-- Opening Marker --

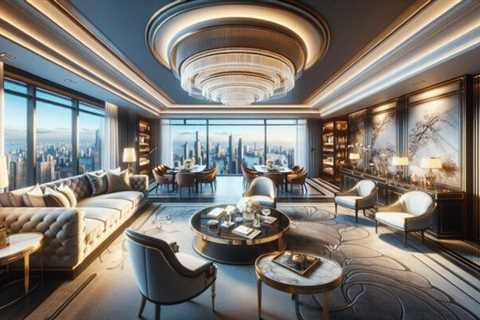 Belize Hotel: Ultimate Guide to Top Accommodations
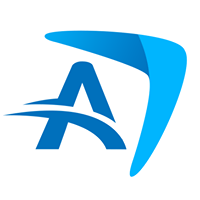 Adimplere
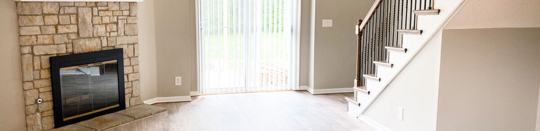 Weigand-Omega Management 3 of 4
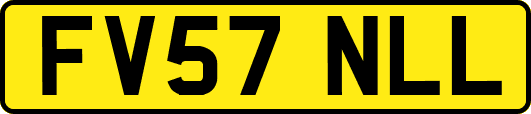 FV57NLL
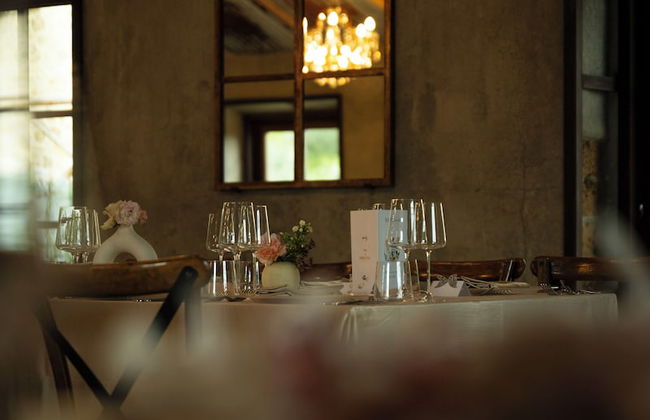 Podere Tovari - Photo 73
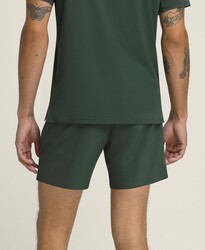 Wilson Erkek Tenis Şortu Astarsız M Tournament Short V2 7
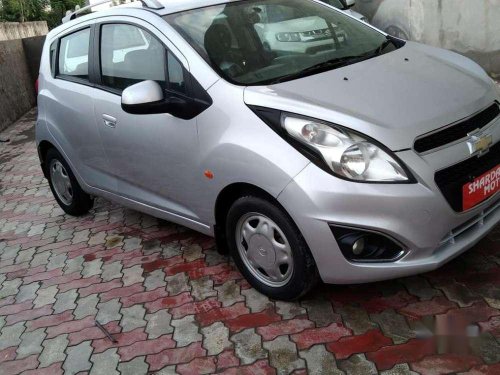 Used 2014 Chevrolet Beat Diesel MT for sale in Ludhiana 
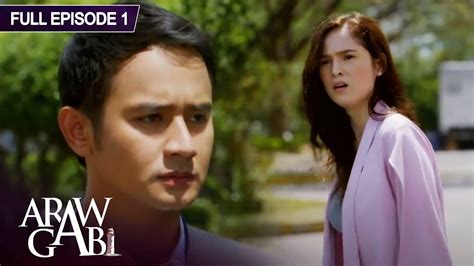 Eng Sub Ep Araw Gabi Jm De Guzman Barbie Imperial Vina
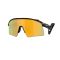 Oakley OO 9519 951908 Güneş Gözlüğü, Resim 6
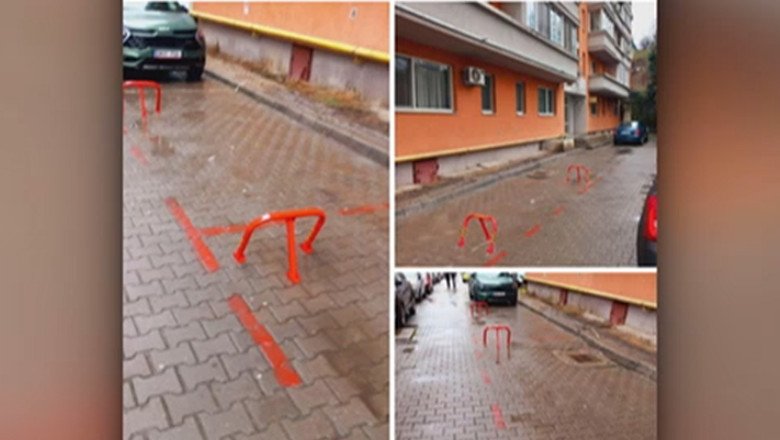 in-cluj-napoca,-un-loc-de-parcare-a-fost-scos-la-vanzare-la-pret-de-garsoniera-proprietarul-cere-peste-26.000-de-euro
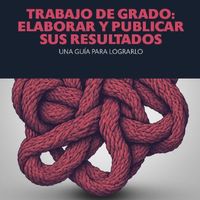 Fundamentación teórica: bases teóricas y contextualización de la investigación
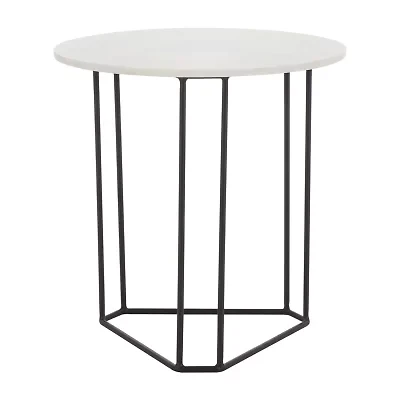 Eloblaire Accent Table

-- Closing Marker --

● **What is required**: Please copy the lines above exactly, starting at the line that holds "Used 2014 Chevrolet" and ending at the line that holds "Fundamentación teórica: bases"; include both, but no pictures.

● **Answer to the problem**:
 Used 2014 Chevrolet Beat Diesel MT for sale in Ludhiana 
 Eng Sub Ep Araw Gabi Jm De Guzman Barbie Imperial Vina
 Oakley OO 9519 951908 Güneş Gözlüğü, Resim 6
 in-cluj-napoca,-un-loc-de-parcare-a-fost-scos-la-vanzare-la-pret-de-garsoniera-proprietarul-cere-peste-26.000-de-euro
 Fundamentación teórica: bases teóricas y contextualización de la investigación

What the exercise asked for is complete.